# redesigned mechs



## Hippofeet (Nov 26, 2012)

The vid, if you hate to read.






I get bored making the same thing, and really, every one wants a mech to be just a little different.

If anyone wants a how to, I could do that, if you can explain which mech! lol, I didn't do a very good job naming them, so I would just go with 1, 2, or 3 and then I could figure out which one you mean.

Not too much different, in design, just made better, more like the custom stuff.

Nice to back making things again after my time off.

I'm also going to open up an etsy shop, and do custom art furniture, some of which will be halloween related. But I won't have the first pieces done for a while yet, maybe by summer. Gotta get the vasectomy first! 950 bucks, woah! lol.

Definitely have an itch to make some art NOT to order, just build it and see how it goes.

First ones gonna be an antique, cast iron base, adjustable wooden dress form manikin, with spring loaded doors in the chest that open up to a set of bow front brass drawers, with a red enamel heart inlaid into the brass. I figure I can do it in 3 weeks on my time off. Maybe


----------



## Lunatic (Oct 3, 2006)

Nice smooth mechanisms Hippofeet!

Good luck on the furniture building. I love antique cast iron stuff, especially industrials. Etsy is a great place to advertise. I just bought another piece from there.

I recently put together a small side table made of repurposed parts....antique cast iron base and antique cast iron gear table top. I used an old stainless plastic extruder screw and cut it down for the table leg. I also made a lazy susan out of a beautiful turn of the century cast iron wheel barrow wheel....found on etsy.com.

Can't wait to check out your shop one day. Let us know what it's called. How about something with Hippo in it!


----------



## Hippofeet (Nov 26, 2012)

Thanks for encouragement, Lunatic.

The cast iron table sounds cool. 

I hadn't actually thought of using the "hippo" handle in it. That user name comes from Anime website chat boxes, back when I was in Japan in the early 90's. When anime and the internet were both just wee little ones.


----------



## Lunatic (Oct 3, 2006)

Hey, my brother was in Japan in the early 90's as well during his second tour in the Airforce. I believe it was at Yakota AFB.


----------



## Hippofeet (Nov 26, 2012)

lol, and does he like anime?

Yakota, yeah, I was there a couple times. Once for some broken bones, and once for a fit for duty test. I showed up drunk for my Captain's Mast, in civvies. My chief took me out for coffee, and got "lost in traffic" lol, so I was sober by the time I got to Yakota. The Airforce guys didn't dig my NAVY shenanigans, they acted like it was shameful, hahaha.

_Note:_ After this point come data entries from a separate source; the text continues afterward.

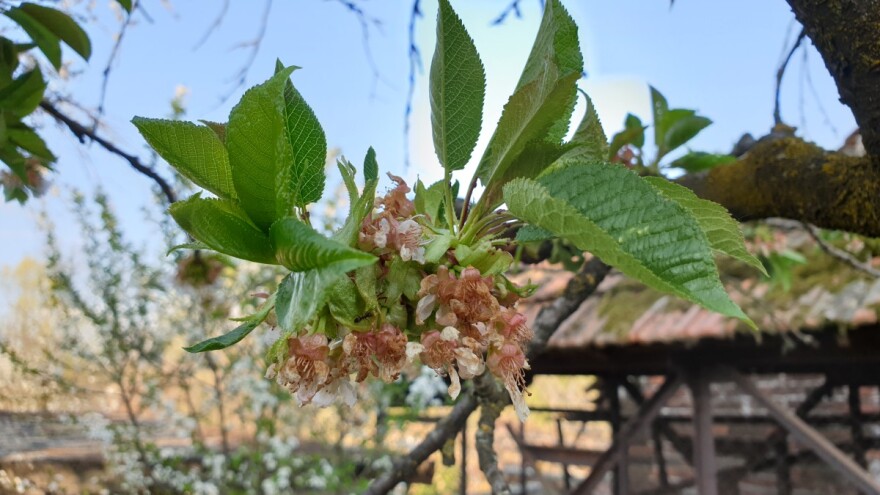 Mraz u voćnjacima? Nemojte čekati, poduzmite potrebne korake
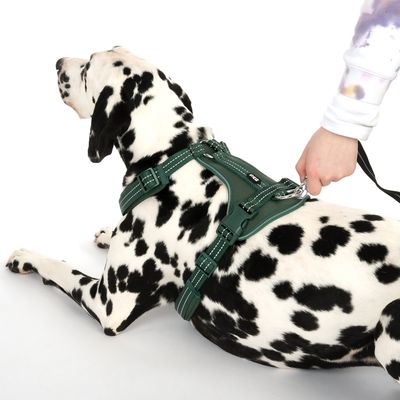 TIAKI Geschirr Neoprene, grün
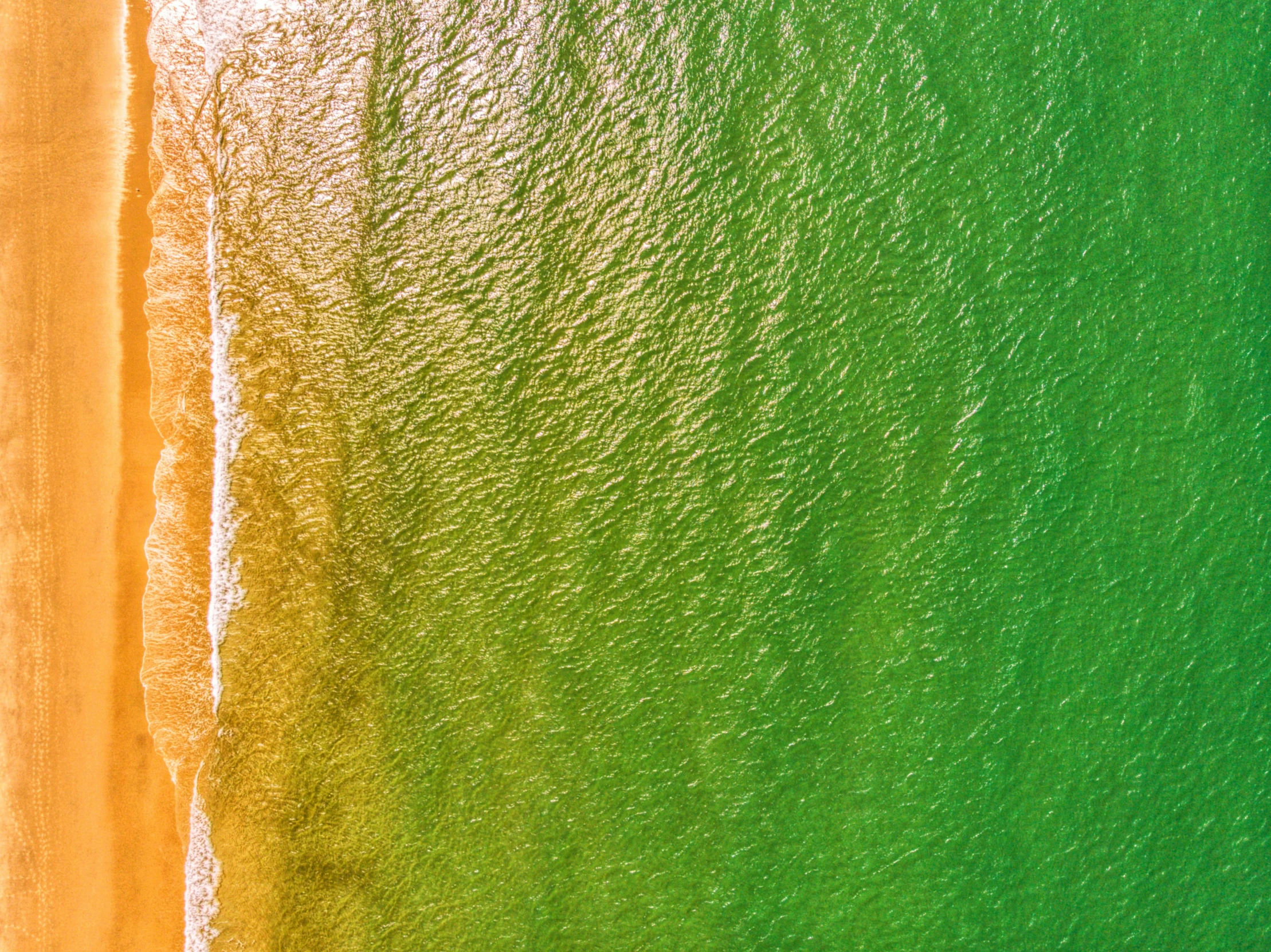 a view from the air of the beach near green water and orange sand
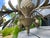 Hollywood Regency Vintage 1980s Quoizel Pineapple Tole Chandelier, Featuring a Large Central Ceramic Pineapple For Sale - Image 3 of 12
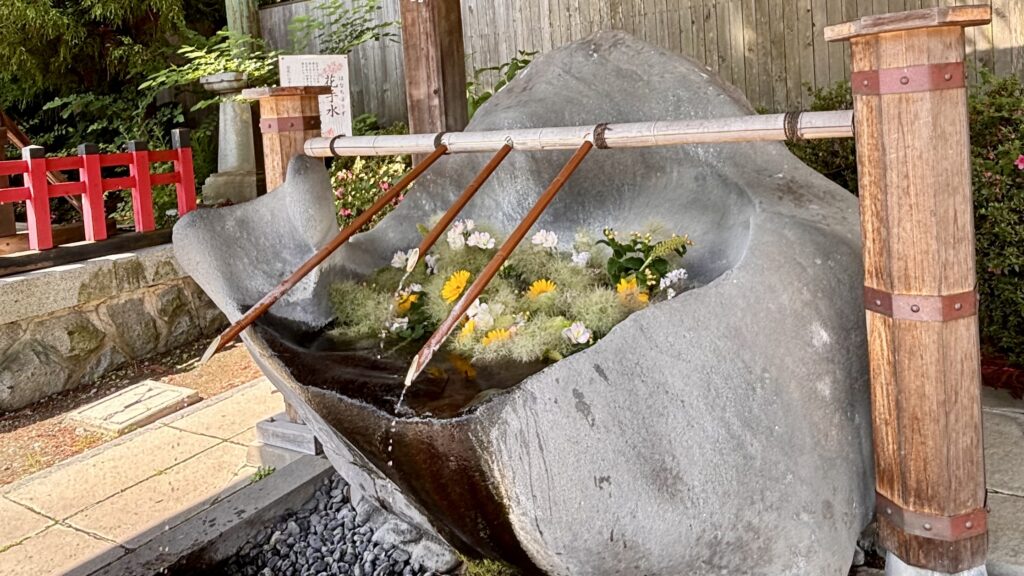 盛岡天満宮の手水舎に敷き詰められた、季節の美しい花々（花手水）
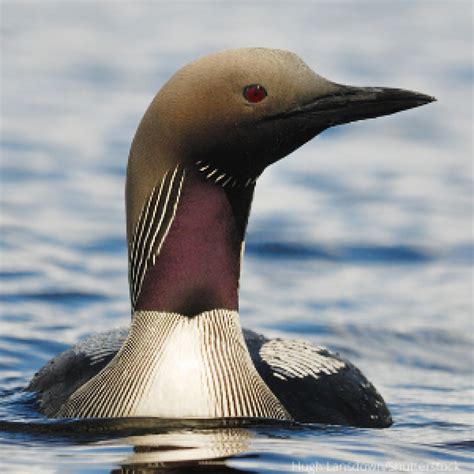 Types of Loons: All Loon Species in the United States - ABC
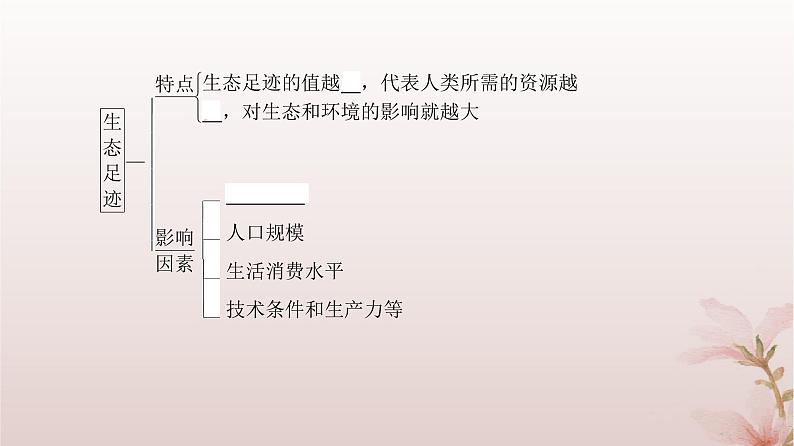 2024届高考生物一轮总复习第九单元生物与环境第31讲人与环境课件04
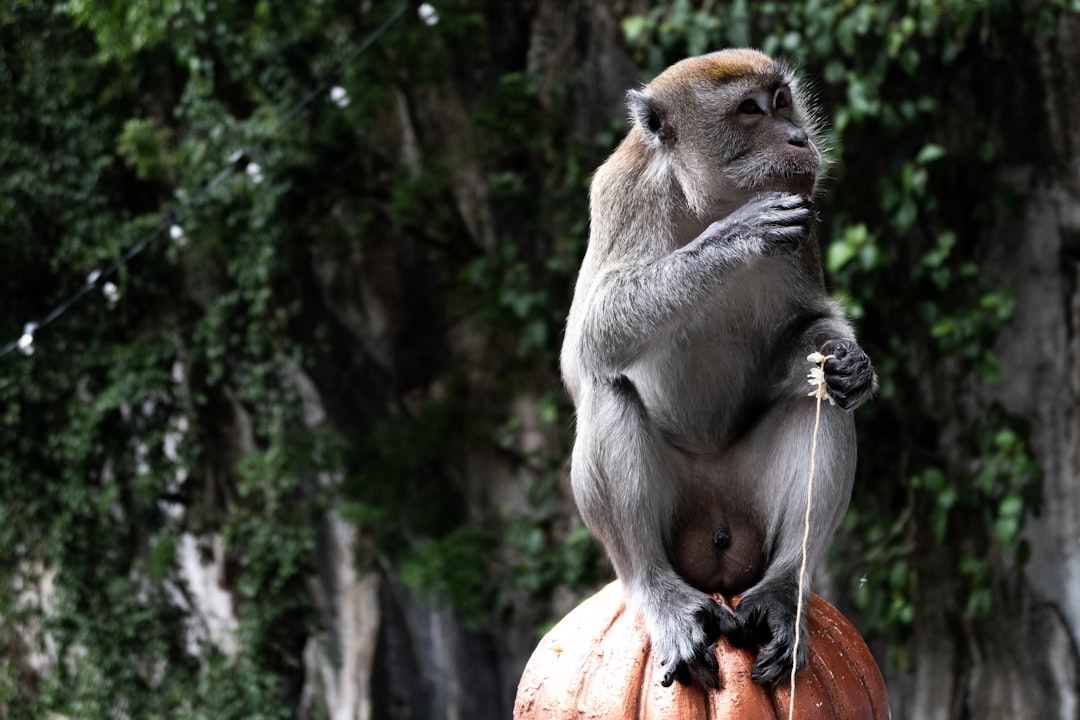 Wildlife photo spot Batu Caves Ujong Permatang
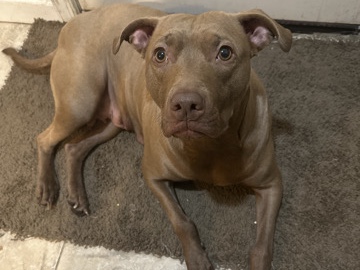 American Pit Bull Terrier – Pit Bull Terrier x Lab mix in Philadelphia – Philadelphia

Still, they had a great mess hall there. Guam just flat out sucked. I don't know how the AF men and women do it. OMG boring! One of our squadron pilots got drummed out of the service for peeing off a barracks roof, and exposing himself to some AF generals wife while shouting obscenities. I was right there, but wisely kept my mouth shut, and my junk covered, hahaha.

They did get me for "illegal entry" once. I just got off a C130, I wasn't gonna wait in a stupid customs line, so I jumped some fences. They didn't have a sense of humor about it.

LOL good times.


----------



## Lunatic (Oct 3, 2006)

HaHaHa....you mad man!
I love it. Good times.

I never heard my brother say anything about anime. He's retired from the AF now and too serious of a person.

Soooo, anyway...Nice mechanisms!


----------



## kprimm (Mar 14, 2009)

Nice work, the mechs look great, would absolutely like to see where you sell these at. I really like the scissor prop. I need one for a prop upgrade I'm working on. What would something like that cost?


----------



## Hippofeet (Nov 26, 2012)

kprimm, I sent you a PM.

I'm glad you could see through my shaky vids, the shakiest vids in the Biz, baby! lol.


----------



## niblique71 (Dec 2, 2009)

Wow, really well done. Excellent mechanical craftsmanship. Those mechs could reach thousands of cycles with some basic maintenance.


----------



## Hippofeet (Nov 26, 2012)

Thanks niblique71.


----------



## Slanks (Feb 21, 2009)

Excellent looking quality - Great job!


----------



## Hippofeet (Nov 26, 2012)

Thanks Slanks!


----------



## mickkell (Jan 16, 2009)

The link to the vid didnt work.


----------



## scubaspook (Dec 16, 2010)

What happened to your youtube channel HIPPO? Can't find it.


----------



## ibjeepin (Dec 6, 2008)

Hippofeet, I tried viewing your video but youtube is telling me that it is unavailable.
IBJ


----------